5/10
well, you gotta start somewhere
28 December 2015
This was the great French director Jean-Pierre Melville's first film, a short about two clowns working in France in Montmarte. It's very heavily skewed on being like a documentary, but it's a little too kidding to be taken too seriously. It's clear Melville didn't have (or just decided not to go for) recorded sound, so everything, with the exception of the final clown performance on stage that the '24 hours' is leading up to, is with a narrator filling in voices and the screen directions. It's awkward and kind of stilted, even as it's meant to be cute ("Here Beby reads one of his fan letters... here Beby gets his dog to pray, since they both pray to the same God")

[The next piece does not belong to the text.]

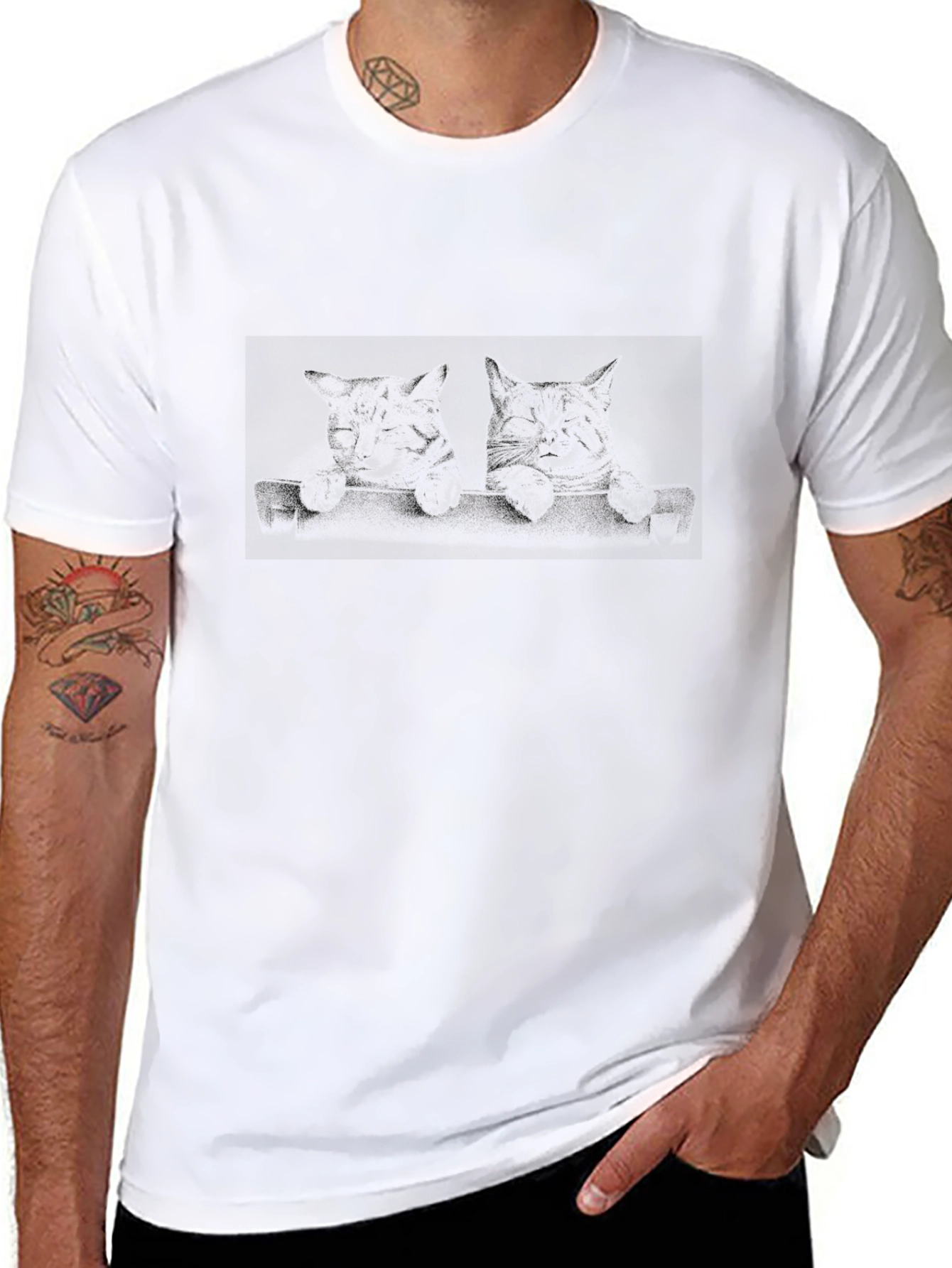 Mens Black Graphic Tee - Cat Design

It's been in obscurity for a long time and probably for good reason; it's hard for me to imagine Melville as someone who would go to a lot of clown events, and it was likely made to showcase that Melville could put something on film and present it to the public, which is fine. There is one sequence that made me smile where we see the other clown Marais changing up his make-up and a guy in the background keep changing up instruments (how he plays guitar synced up to him putting on make-up is pretty clever). But even at 18 minutes there seems like there's filler here, as we see a lot of pictures of former and/or current clowns in and out of make-up.

It's not really bad but it's just dry stuff, meant not so much for art as to fill up some time at the theaters in the period it was made, and for Melville completists; it's included on the blu-ray for Silence de la Mer.